Some parents enroll their children in martial arts training because they want help. The child may have a problem managing his/her behavior when angry. Other concerns which parents express regarding their child are low grades in school, problems focusing his/her attention, or lack of appropriate respect for authority figures. Regardless of the problem, there may be a certain expectation that you, as his/her instructor in the martial arts, will play a major role in “the cure.” These expectations may be supported by what parents see advertised by various martial arts schools.
Such expectations by parents must be appropriately managed. These parents need to know that martial arts training is not martial arts therapy. Also, your time with, and influence over the child is limited. Although training in the martial arts can be an excellent adjunct to other efforts which are being made to help the child, promising that martial arts training alone can solve personal and academic problems is risky.
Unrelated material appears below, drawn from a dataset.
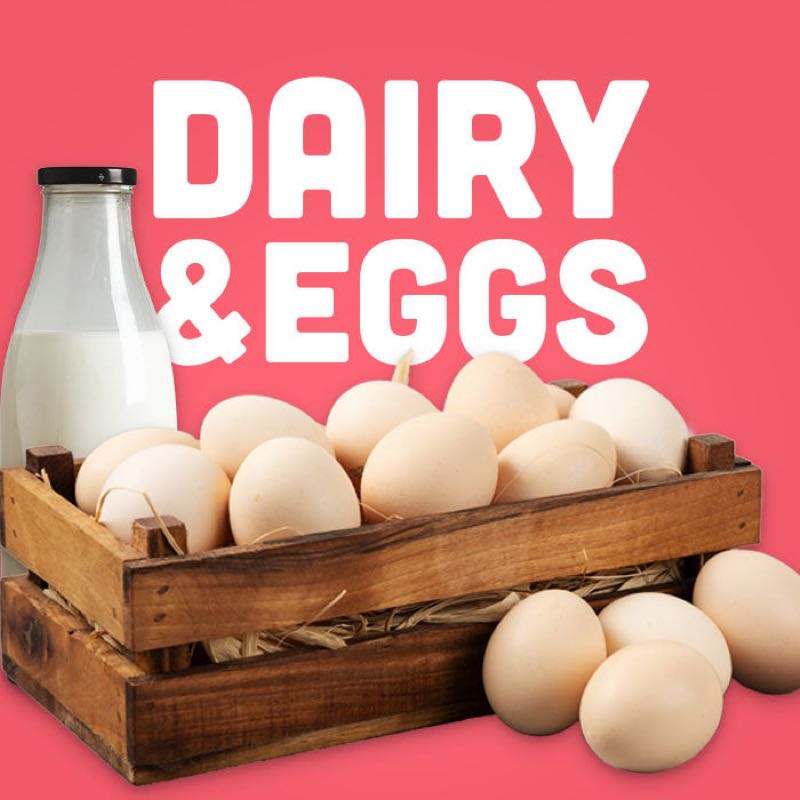 Fresh local milk and farm eggs in a wooden crate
When talking with parents, explain to them the role which training in the martial arts can play in helping the child with specific problem behaviors. Show an interest in how martial arts training will be used in coordination with other efforts to assist the child. Questions and conversation about the ways in which this problem behavior is being addressed at home, school and other areas allow you to understand their current efforts and needs. Do not allow the parents to expect that training at your school alone will be the miracle cure to all that ails the child. This is an expectation which can result in disappointment for all concerned, and a strained relationship between instructors and parents.